The mayor of Savar, where the Rana Plaza building is located, has been suspended on charges of failing to take proper action after several cracks developed and were reported by a structural engineer a day before the April 24 collapse. The mayor, Md Refatullah, also was charged for “irregularities” in approving the design.
A government inquiry concluded today that substandard construction materials and the vibration of heavy machinery in the five garment factories were prime triggers of the building’s collapse. The building owner, Sohel Rana, a prominent leader in the nation’s ruling party, was arrested over the weekend and his assets frozen. Despite the engineer’s warnings, Rana told factory operators the building was safe. Factory owners then demanded workers return the next day.
A 16-year-old garment worker whose right hand was amputated after she was pulled from the wreckage told the Solidarity Center that the factory owner said she would lose a month’s wages if she did not go to work. Solidarity Center Bangladesh Country Director Alonzo Suson and local staff are speaking with survivors, ensuring that they understand their rights and that their stories are not forgotten.
“If those workers had a collective voice to stand up to factory managers, this tragedy might never have happened,” says Solidarity Center Asia Regional Program Director Tim Ryan.
Thousands protested in Dhaka, the capitol, on May 1, internationally recognized May Day, demanding justice for those killed and injured at Rana Plaza. But garment workers from a variety of factories have been out on the streets of Dhaka for days, “demanding more safety” at the workplace, Suson told the Rick Smith Show. “Without a union at the workplace, there is no workers’ voice in making sure that safety of working conditions happen.”

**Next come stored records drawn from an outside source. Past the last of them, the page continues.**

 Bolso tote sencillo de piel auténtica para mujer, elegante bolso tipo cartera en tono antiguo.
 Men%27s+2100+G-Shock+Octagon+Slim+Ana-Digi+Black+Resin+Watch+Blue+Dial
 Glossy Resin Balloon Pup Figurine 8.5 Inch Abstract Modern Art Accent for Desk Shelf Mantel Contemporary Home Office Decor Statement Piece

While global apparel brands have taken steps to demand factories observe the nation’s job safety and health laws, they have not pushed for strong unions at the workplace—and without freedom of association, say Ryan and Suson, individual workers cannot press for safe workplaces. Nor can they demand wages they can live on. Bangladesh garment workers are paid $37 a month, the lowest in the world, to toil in conditions Pope Francis this week described as “slave labor.”

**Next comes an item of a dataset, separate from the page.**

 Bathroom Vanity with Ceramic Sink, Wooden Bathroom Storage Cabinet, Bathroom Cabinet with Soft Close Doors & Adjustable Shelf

As Ryan told Public Radio International, “The brands can also be helpful when it comes to communicating with their contractors, with their companies, and say ‘Look, freedom of association is the law of the land.’
“Many of these brands have codes of conduct, which, again, are often just words on a page, but often they (mandate), ‘implementation (of) all existing labor laws and freedom of association,’ he said. “This is where the brands can put their money where their mouth is.”
For more than two decades, the Solidarity Center has been supporting workers trying to gain their rights in Bangladesh.